Cette capacité à s'effacer, Mpasi l'a apprise à la dure. Enfant de Meaux, né de deux parents congolais, il avait pourtant tout d'un destin tracé : formé au PSG, il y a côtoyé Presnel Kimpembe, Adrien Rabiot, Kingsley Coman. " J'avais des étoiles dans les yeux ", se souvient-il de cette époque. Barré par Alphonse Areola puis Mike Maignan, il signe à Toulouse en 2012 et n'y joue jamais le moindre match professionnel en trois ans. À 21 ans, il se retrouve sans club. " Honnêtement, c'était très, très dur mentalement. Heureusement que ma famille et mes amis étaient présents pour me soutenir. "

Le sauvetage est venu de Rodez, club de National 2 où personne ne l'attendait. Il y est resté neuf ans, accompagnant les montées successives jusqu'à la Ligue 2, et y a disputé plus de 120 matchs avant de rejoindre Le Havre, en Ligue 1, à l'été 2025. " Il y a sept ans, avant d'arriver à Rodez, je n'avais pas de club et j'étais loin de tout ça, confiait-il. C'est pour cela que je profite au maximum. "

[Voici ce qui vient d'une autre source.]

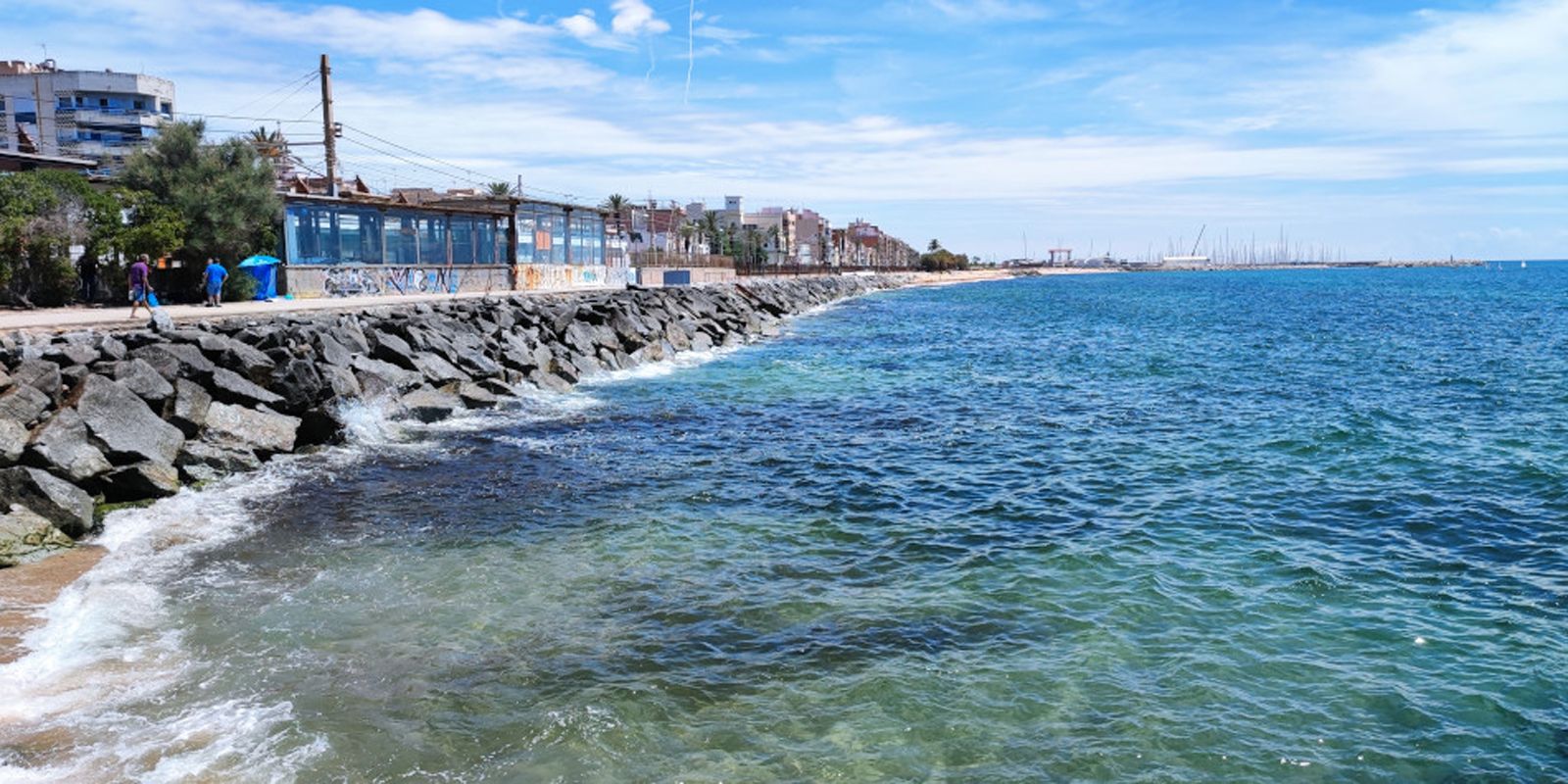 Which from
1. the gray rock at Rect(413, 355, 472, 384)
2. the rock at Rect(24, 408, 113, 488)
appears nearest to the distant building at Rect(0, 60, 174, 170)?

La sélection congolaise est arrivée par un coup de fil. " C'est Cédric Bakambu qui m'a contacté et qui m'a demandé si j'étais chaud pour venir. " Première cape en février 2022, une défaite anonyme contre le Bahreïn. Puis la révélation au Gabon, en juin 2023, sept arrêts pour écœurer Aubameyang. Puis la CAN, le penalty contre l'Égypte, la lumière. Et, juste après, l'oubli : blessures au genou, au tibia, retour dans la hiérarchie derrière un autre gardien. " Quand tu reviens et que tu vois que ce n'est pas toi qui commences dans le but, ça fait un peu mal à l'ego, reconnaît-il. Je savais qu'il fallait être patient. "

La patience, encore. Mpasi cite volontiers Steve Mandanda, autre franco-congolais des cages, comme modèle. Il parle du stade des Martyrs de Kinshasa comme d'un lieu qui l'a transformé. " Quand le ballon est loin de mes buts, je regarde les tribunes, et je profite. " À ses anciens coéquipiers de Rodez, il répétait : " Les gars, jouer en Afrique, en RDC, devant 80 000 personnes, c'est quelque chose. "

À 31 ans, le voilà devant le rendez-vous d'une vie. Le 17 juin, au NRG Stadium de Houston, la RD Congo affrontera le Portugal de Cristiano Ronaldo pour son retour en Coupe du monde, cinquante-deux ans après le Zaïre de 1974. Entre la CAN et le Mondial, on lui a demandé ce qu'il choisirait. Sa réponse dit tout de l'homme. " Me qualifier à la Coupe du monde. Parce que ça fait plus de cinquante ans, et je pense que les Congolais le méritent. "

Sources : RFI (entretien, décembre 2025) ; LePotentiel et Congo Profond (zone mixte, 17 novembre 2025) ; afrik-foot ; Mbote ; Radio Okapi ; Wikipédia.